The textile industry intends to enhance its exports $16.4 billion by the fiscal year 2010. In other words the industry is preparing itself to double its exports, from $8.3 billion in 2003-04 and expected $8.5 billion in 2004-05 to $16.4 billion, in next five years.
BOTTLENECKS & DEREGULATION STRATEGY FOR INVESTMENT:
Poor infrastructure facilities in the country
Poor management by the different governmental agencies
Bad governance and poor law and order condition’s in the country
Bad image of Pakistan portrayed by the international media and international agencies.
Adverse traveling advice by the foreign countries to their citizens discouraging travel to Pakistan.
Pakistan sign’s international agreements, providing protection to intellectual property rights and international arbitration agreements.
Lack of communication required to meet challenges of
the advanced world.
Non-availability of good quality of soft water for the textile industry.
Severe electricity shortfall in the country
Financial instability in the country which became the reason of the decrease in foreign investment
Our utilities rates are the highest in the region which increases the poverty.
Lack of arrangements to provide Insurance guarantees to U.S. investors on their investment in Pakistan
Delay in sales tax refund causing serious cash flow / liquidity problem to the industry.
Energy crises in the country (crises in natural gas/ crises in the availability of petrol).
Negative impact of SRO’s culture.
1.2. MOTIVATION OF RESEARCH:
There is a need to explore the factors influencing the overall productivity and development of the textile industry of Pakistan and the problems faced by the textile industry of Pakistan, so that it can help the policy makers to shape the different policies to tackle with the various issues of the textile industry, and it can only be done with the help of the research.
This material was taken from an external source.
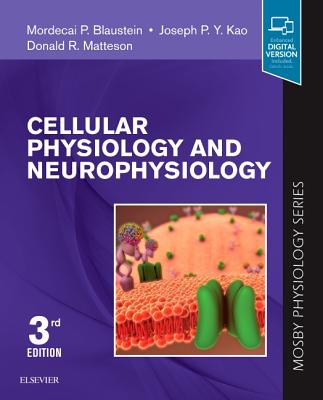 Cover of Cellular Physiology and Neurophysiology: Mosby Physiology Series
There is a need to conduct study on this topic so that it can be beneficial for the individuals as well as the Pakistan’s economy. The issues faced by the textile industry at current need to be studied and can only be solved through proper policy implications.
There is a need to explain the various factors affecting the textile industry of Pakistan so that the policy makers have an idea to explore the responsiveness of the textile industry due to current trade policies which will in turn help them to identify the different policy measures to enhance the textile industry in our country.
1.3. RESEARCH QUESTION:
It is believed that the textile industry acts as the backbone of any economy, and the development and prosperity of the economy depends largely on the development of this sector. Here in this research, an attempt is made to study the effect of textile industry on the growth of the economy before and after the establishment of WTO (1995) from 1947 till current. The basic research question arises from the discussion is that whether the textile industry contributed positively towards economic growth in the country? The research tries to find out the accurate answers of this question by using econometric models.
1.4 RESEARCH OBJECTIVES:
The textile industry acts as the backbone of any economy, and the development and prosperity of the economy depends largely on the development of this sector. This study was conducted how the textile industry is contributing significantly towards economic growth
H0 Textile industry does not directly related to the development of the economy.
H1 Textile industry directly related to the development of the economy.